*** Records ***

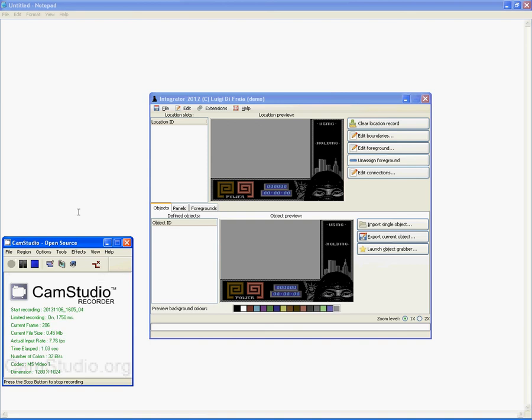Hi everybody and welcome to this new video in the making of Integrator 2012. Today I've worked a little bit on the new editor, the one that's used to edit connections.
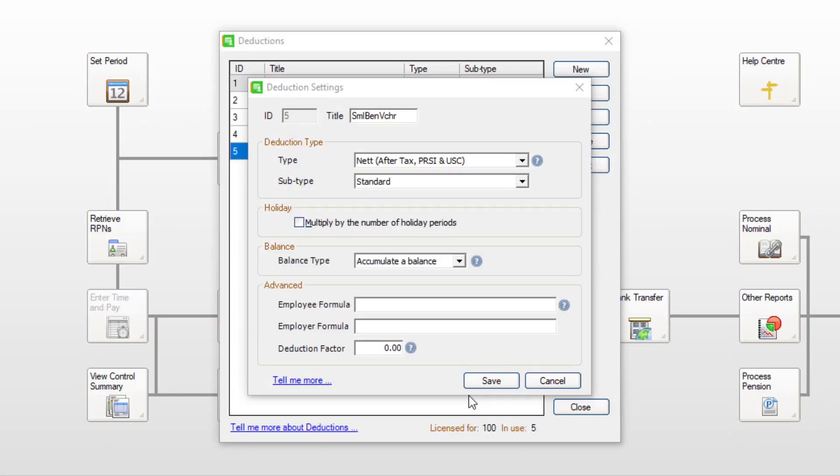If you're processing small benefit vouchers, you'll also need to set up a net deduction for the voucher amount.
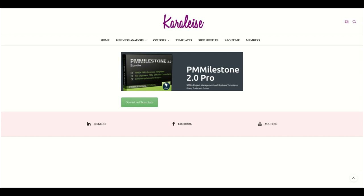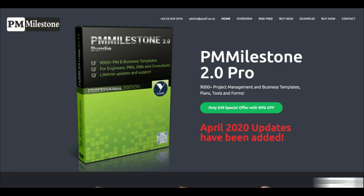Alright gang, today's video is brought to you by PM Milestone 2.0 Pro. PM Milestone 2.0 Pro is a collection of over 9,000 product management and business templates that's going to be helpful for you in your next projects. I'm going to link this below in the description section. You're going to come here from the link and click on download template.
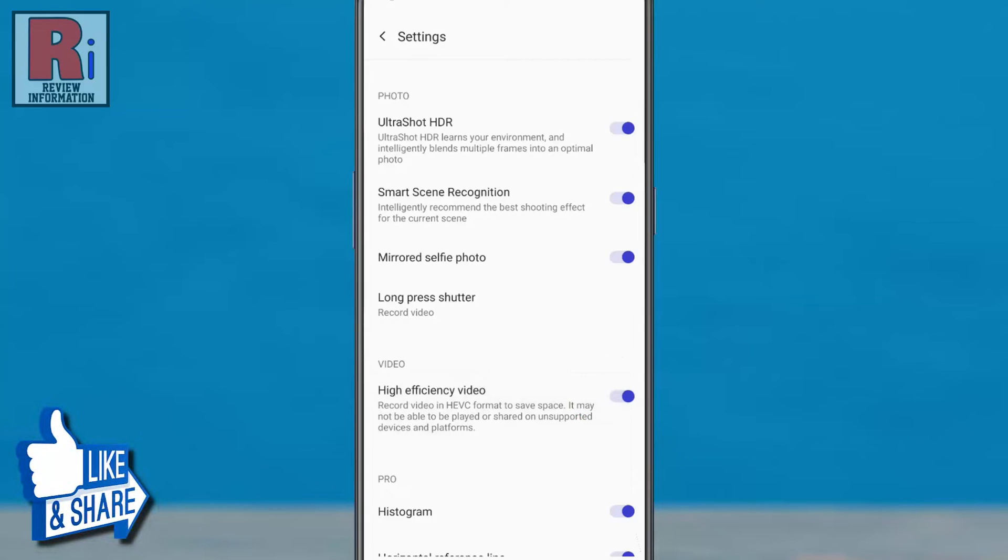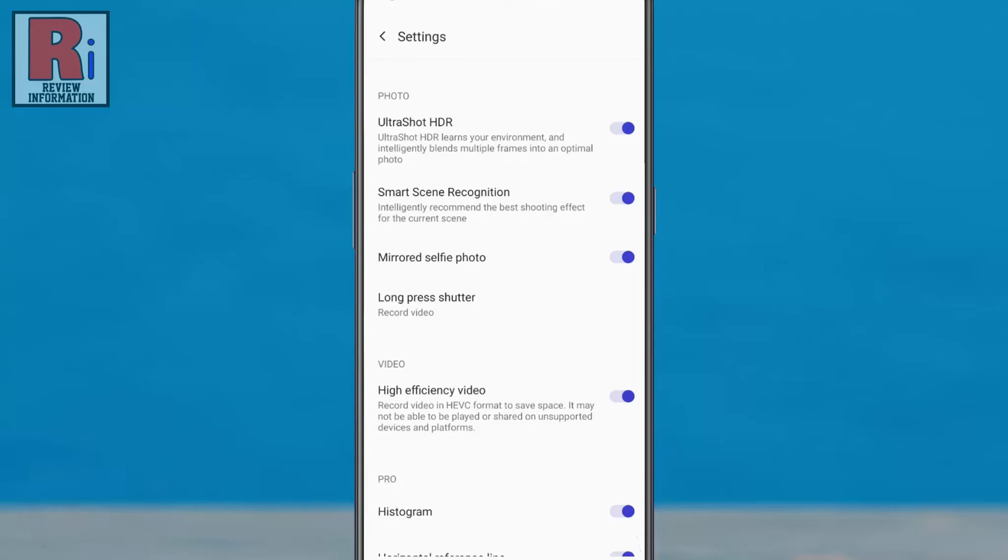From now on, videos will be recorded in HEVC format to save space. Keep in mind that these videos may not be able to be played on unsupported devices.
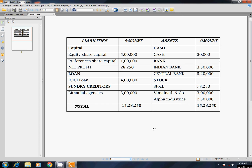In this sum, we are going to find the answer is 15,28,250. This is how we are going to solve it step by step.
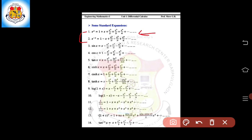Similarly, for the expansion of e raised to minus x, we use the expansion of e raised to x and simply replace x with minus x. The expansion of e raised to minus x in ascending power of x is: 1 minus x plus x squared divided by 2 factorial minus x cubed divided by 3 factorial plus x raised to 4 divided by 4 factorial, and so on. The difference between the two series is the alternating sign in the expansion of e raised to minus x.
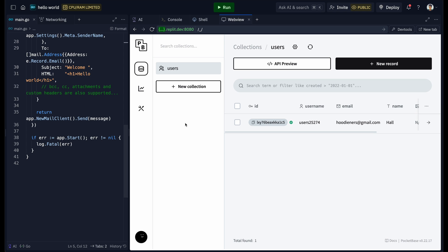This covers how to send emails using Golang and PocketBase. Every app needs an email service at some point, and this method — using Gmail as the SMTP — is free, fast, and reliable. Thanks for watching, and if you liked this tutorial don't forget to hit the like button and subscribe for more tutorials. Peace!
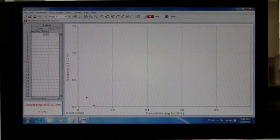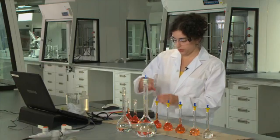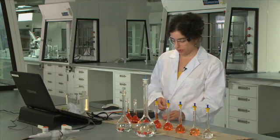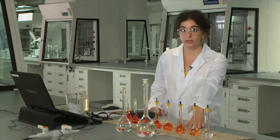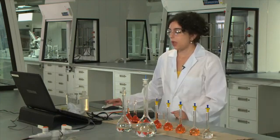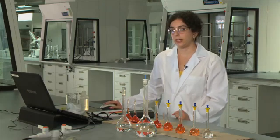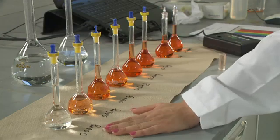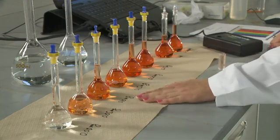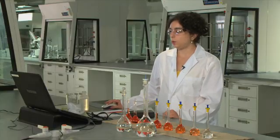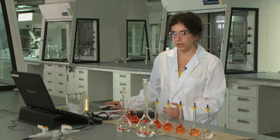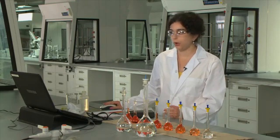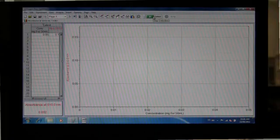And then the point will show up on the graph and also be recorded in the table. You'll then rinse out the cuvette and put in your next solution. And then you'll click Collect again and then click Keep. And you'll keep repeating this for all of your standard solutions. And once you finish collecting your data points, you'll then click Stop.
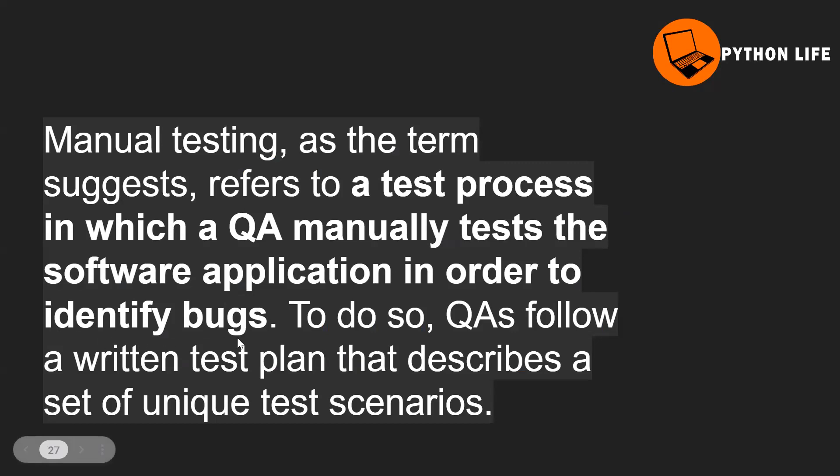As a test engineer, the process includes writing test plans, test cases, scenarios, and bug reports. These are the main important tasks.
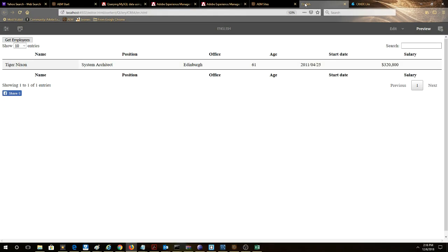So now we're looking at the example that we've created in the article. So here is our data tables component. So when we click get employees it's going to invoke a servlet that's going to invoke the service.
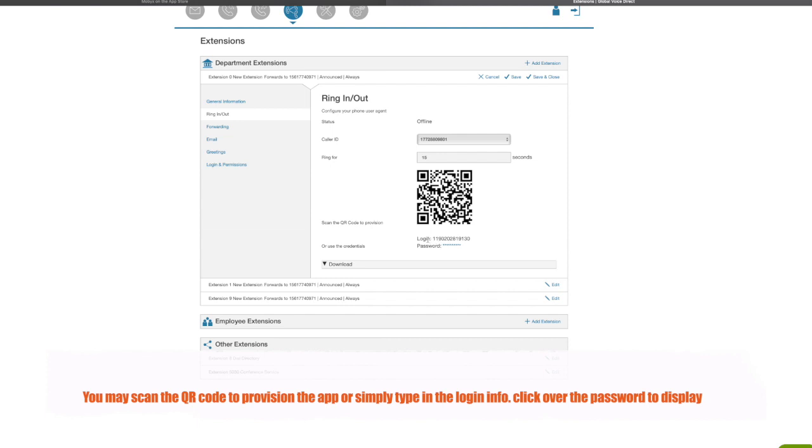So the login is what you will put in the password and the login field, and the password you could click as I just clicked on the password so you can see the password that's there for you.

*** End of Records ***

What this task involves:
Output a verbatim copy of all entries above; no pictures go in it.

Answer:
Hi everybody and welcome to this new video in the making of Integrator 2012. Today I've worked a little bit on the new editor, the one that's used to edit connections.
If you're processing small benefit vouchers, you'll also need to set up a net deduction for the voucher amount.
Alright gang, today's video is brought to you by PM Milestone 2.0 Pro. PM Milestone 2.0 Pro is a collection of over 9,000 product management and business templates that's going to be helpful for you in your next projects. I'm going to link this below in the description section. You're going to come here from the link and click on download template.
From now on, videos will be recorded in HEVC format to save space. Keep in mind that these videos may not be able to be played on unsupported devices.
In this sum, we are going to find the answer is 15,28,250. This is how we are going to solve it step by step.
Similarly, for the expansion of e raised to minus x, we use the expansion of e raised to x and simply replace x with minus x. The expansion of e raised to minus x in ascending power of x is: 1 minus x plus x squared divided by 2 factorial minus x cubed divided by 3 factorial plus x raised to 4 divided by 4 factorial, and so on. The difference between the two series is the alternating sign in the expansion of e raised to minus x.
This covers how to send emails using Golang and PocketBase. Every app needs an email service at some point, and this method — using Gmail as the SMTP — is free, fast, and reliable. Thanks for watching, and if you liked this tutorial don't forget to hit the like button and subscribe for more tutorials. Peace!
And then the point will show up on the graph and also be recorded in the table. You'll then rinse out the cuvette and put in your next solution. And then you'll click Collect again and then click Keep. And you'll keep repeating this for all of your standard solutions. And once you finish collecting your data points, you'll then click Stop.
As a test engineer, the process includes writing test plans, test cases, scenarios, and bug reports. These are the main important tasks.
So now we're looking at the example that we've created in the article. So here is our data tables component. So when we click get employees it's going to invoke a servlet that's going to invoke the service.
So the login is what you will put in the password and the login field, and the password you could click as I just clicked on the password so you can see the password that's there for you.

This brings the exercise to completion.